People indicated that two-way communication was the leading contributor to their personal satisfaction as citizens of a municipality.

How should civic leaders open a two-way dialogue with citizens? When asked to pinpoint what factors drive their satisfaction with municipal government, 38% said responsiveness, 31% said communicating the vision, and 31% said transparency.

The information that you share back with citizens is central to two-way engagement. It lets citizens know that their voices are being heard. Additionally, by communicating your vision and plans, people will be more informed in giving you feedback.

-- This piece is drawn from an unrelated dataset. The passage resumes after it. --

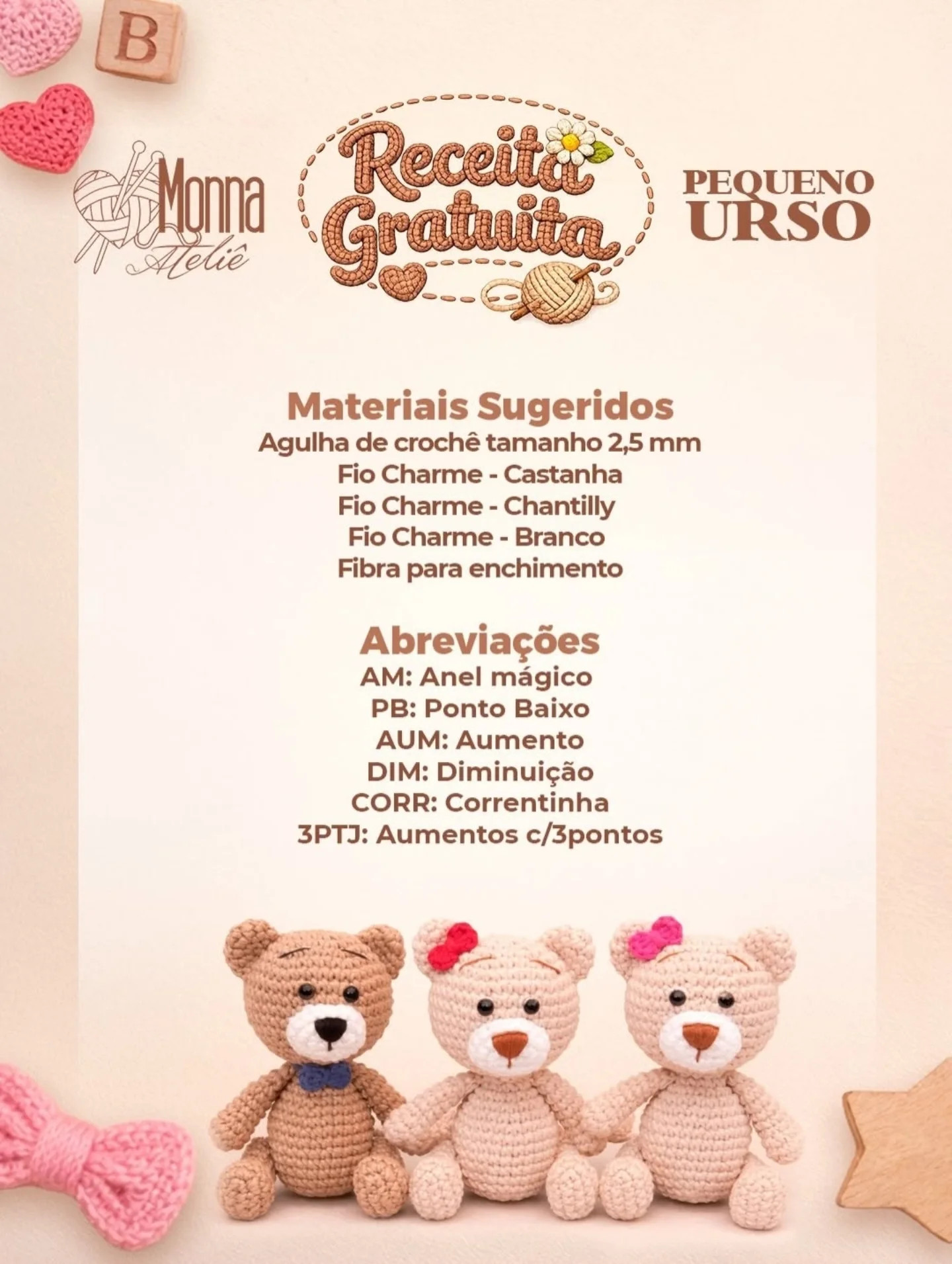 Pequeno Urso Amigurumi: Receita Gratuita de Gấu Bông Nhỏ Móc Len 12cm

Ultimately, when done correctly, more voices added to the mix lead to better solutions to community problems - whether that be something that no one individually or civic staff on their own would have considered, or something that simply gets more people to vote 'yes' on an initiative due to collaboration. Generally, more engaged communities would have higher rates of satisfaction. However, does more engagement lead to higher satisfaction with local government, and if so, what type is the most effective?

  1. Citizens increasingly discuss politics online.

It's commonplace for civic issues to come up around the dining table or at the water cooler, but we found that more and more people go online to voice their political opinions. Almost 20% of citizens have already posted online about a municipal issue. This could include social media, blogs, forums, comments on news articles, or any other venue where they are personally voicing their opinion on civic issues.

Today, people frequently voice their opinion about aspects of their lives online. They write product reviews, or post their opinions on social media about their latest purchases or places they've been. Still, something as important as discussion around the plans and policies that govern the communities that we live in are often still locked in to 6 pm town hall meetings.

In 2014, discussing politics and public policy online makes sense. The question is what should this online environment look like?

  1. Interest in online consultation as a communication channel grows.

The majority of people that we surveyed were most interested in ways that they can be consulted about civic issues online. Of the people we talked to, 35% said they were interested in online consultation, while only 29% and 18% wanted in-person consultation and city council meetings, respectively.

Citizens want to know how they can give their opinion when they are unable to make town halls or other in-person meetings. What are their options, and is it a place where they will actually have a safe, secure place to have their voice heard?

  1. Gender differences in citizenship satisfaction exist.

Our study shows that females are more likely to feel alienated, while males are more often active but frustrated. This insight highlights the importance of knowing where citizens are coming from in order to create better consultation and engagement solutions. To engage female citizens, we need to make sure engagement solutions are inclusive. With respect to the frustration of men, this highlights the need to share back the results of surveys or the feedback received so that people know that their voice actually matters.

Many people are dissatisfied with their municipal governments, and better citizen engagement can potentially move these numbers in a more positive direction.

In a time when citizens have greater access to information and ability to voice their opinions through the Internet, many governments are already venturing out into this once foreign space to connect with their citizens. The key to reaping the benefits is creating the right environment. Mayor Dianne Watts of the City of Surrey explained to Vision Critical how "connecting and engaging [the City's] citizenry is the cornerstone" of their services - just one of many cities building meaningful and lasting engagement in online insight communities.

Whatever method of online engagement and consultation you go with, the values that seem core to all of the insights on citizen satisfaction featured in this article hinge on the trust you establish with your citizens in letting them know that you are dedicated to giving them a community that is their own and that their privacy is protected as a contributor, while feeling assured that their voice is heard.